Avengers Assemble: But more women next time, hmm?

This past weekend The Avengers went down in comic-book movie history.  It broke box-office records, making over $200 million in just one weekend.  More importantly, it was a success in terms of its goals-- bringing together the Big Damn Heroes of the Marvel Universe from their individual movies and teaming them up in a big, satisfying way. 

So it goes without saying that Avengers 2 is a lock.  They even threw in the obvious Sequel Bait in the credits sequence.  I'm just hoping they lock down the details relatively soon, because I'm already excited.  Unfortunately, I can't see them getting it together earlier than Summer 2015.

If I have one complaint about Avengers, it is that it comes too close to the Smurfette Principle: the team is Black Widow and five guys.  This is not Joss Whedon's fault, I'm sure.  Knowing his work, he probably did a lot of fast talking just to get Maria Hill in among the cast. But I know that the team of the movie was essentially handed down by studio edict.  So, hopefully, Avengers 2 is going to rectify that.  Though, reasonably, there are only so many New Avengers that can be added, and they aren't all going to be women.

It seems like they really might get the Ant-Man movie off the ground, so he would be a likely add.  With him, it's pretty easy to add Wasp to the team (if she isn't a key part of the Ant-Man movie, which she totally should be).  And it wouldn't hurt to maintain her original background, if for no other reason than to be a counterpoint to Black Widow: a socialite heiress with a solid head on her shoulders.  She's not Paris Hilton; she's Ivana Trump.  If, you know, Ivana had superpowers. 

My other key choice would be Ms. Marvel, aka Capt. Carol Danvers.  Since it's looking like Avengers 2 will be going cosmic, her origin of being an Air Force pilot who is empowered when exposed to alien technology would fit in quite nicely.  Plus Ms.
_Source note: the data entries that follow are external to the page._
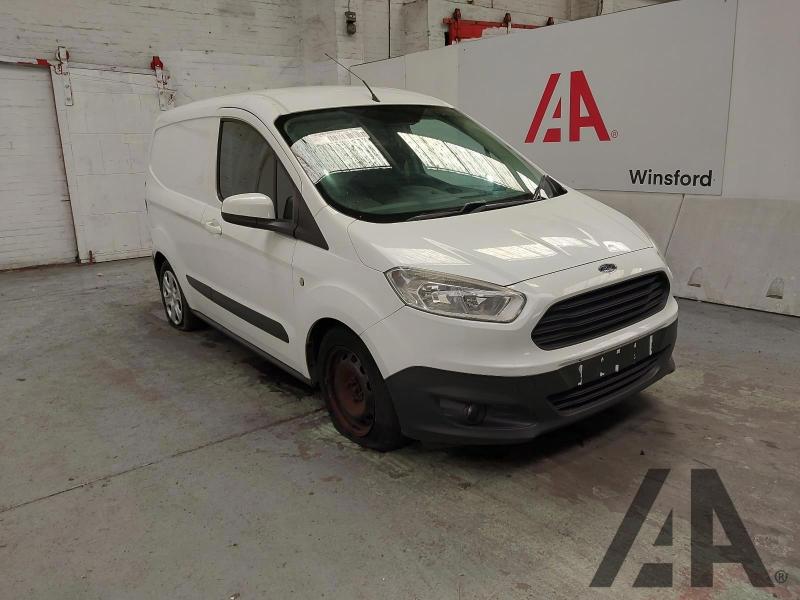 2014 FORD TRANSIT COURIER TREND TDCI 1499cc TURBO DIESEL MANUAL 5 Speed PANEL VAN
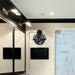 13" Industrial Bathroom Ceiling Fan with Pull Chain - Sweatfully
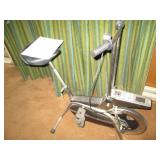Vintage Deluxe Sears Ergometer Exer...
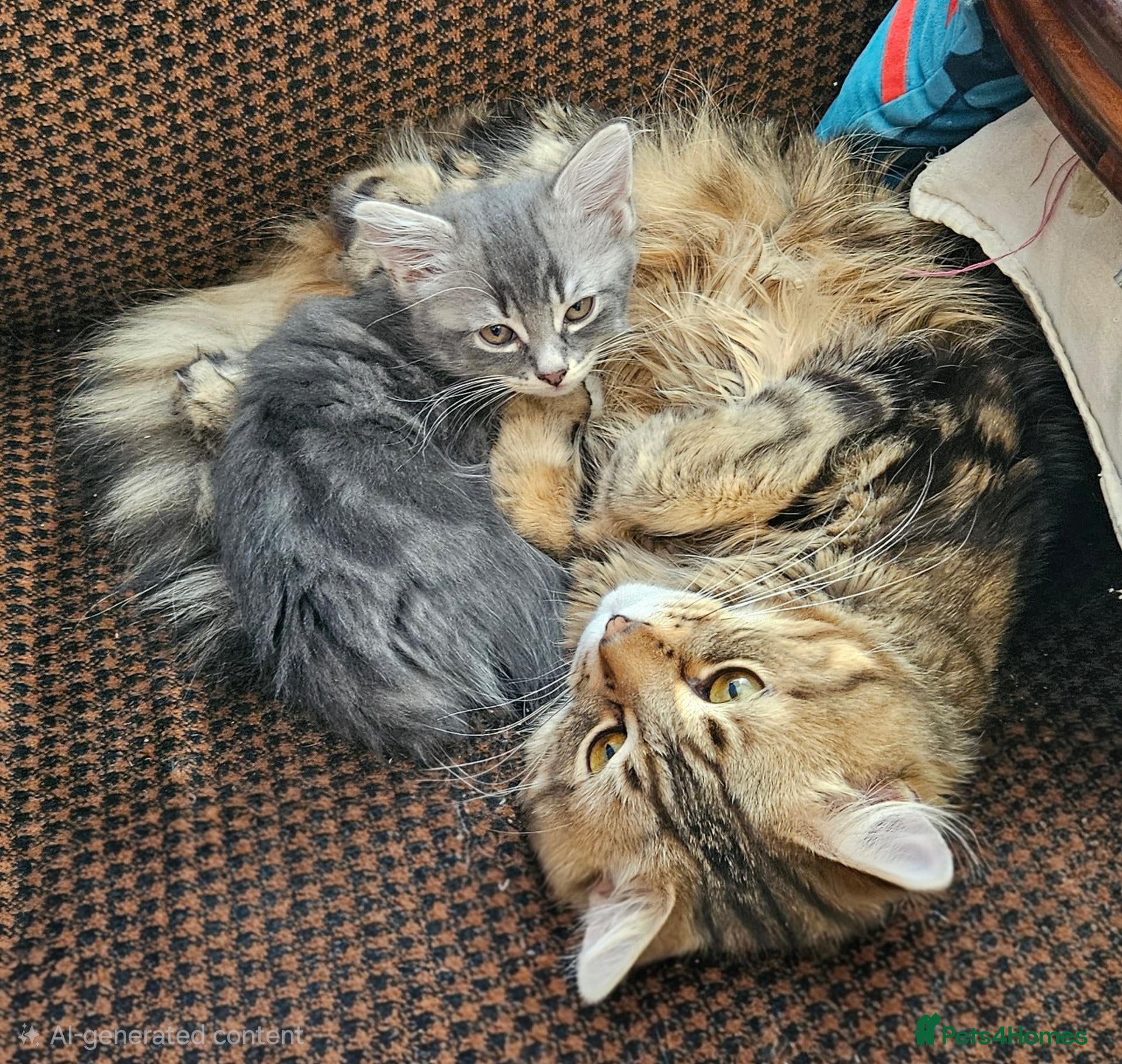 Mixed Breed cats Little cute kittens with big personality 😍 - Advert 9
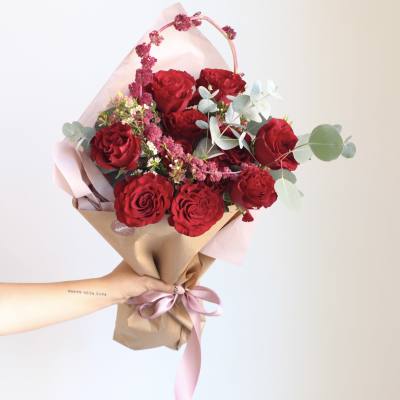 One Dozen Roses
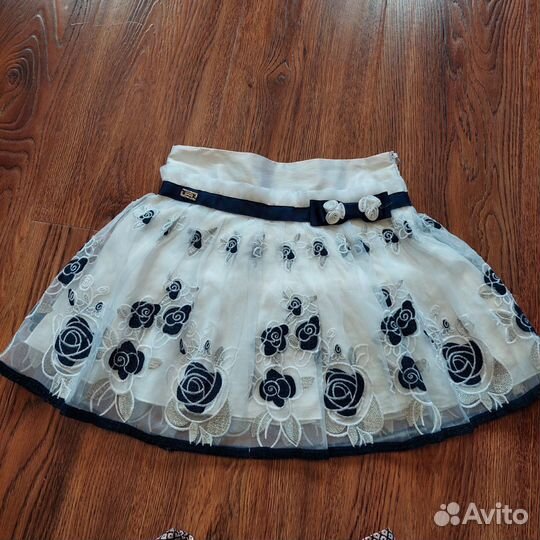 Юбка нарядная 110-122 см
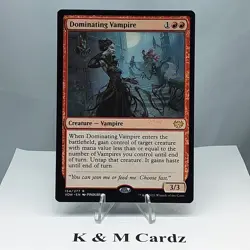 MTG - Innistrad: Crimson Vow - Dominating Vampire - #154 - Image 1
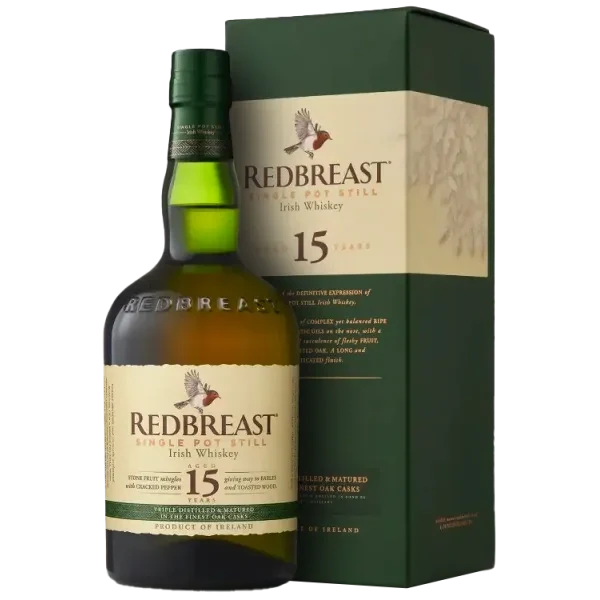 Whisky - Redbreast - 15 Anni - Astuccio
Marvel ought to be (but isn't really) Marvel's equivalent of Wonder Woman: the universe's most notable female hero.  Frankly, the Marvel Universe doesn't have someone would quite fits that bill.  Black Widow isn't it.  Nor is Invisible Woman, Elektra, Phoenix or Storm.  Let's give Ms. Marvel a proper showcase.

I would personally love to see Mockingbird show up in Avengers 2, and she has the advantage of fitting into the world of the Marvel movie-verse quite easily.  SHIELD agent turned hero, with strong emotional ties to Hawkeye, and like Hawkeye and Black Widow, she's a highly skilled "normal" instead of superpowered. Though it works best if she and Hawkeye are married, so unlike having a strong professional bond that he and Natasha have in the movie, they can be a hot couple who kicks ass.  The Mr. and Mrs. Smith of the Marvel Universe.  Of course, her actual comic-book background is pretty damn close to movie-verse's background for Black Widow.  So close as to seem redundant.  And while I'm a big fan, she's a bit too obscure.  (Though, apparently, they are considering an Alias-like show starring her for ABC Family, that will be tied to the Marvel Movie-verse.  So, you never know.)

Those would be my choices.  Many fans seem to be pushing for Scarlet Witch, though I respectfully disagree.  I understand the reasoning: she was the second woman to join the team, she's a long part of Avengers history.  But given her backstory is entangled with elements that the Marvel Movie-verse can't use (mutants and Magneto), and you'd HAVE to bring Quicksilver along with her... eh.  It seems too much.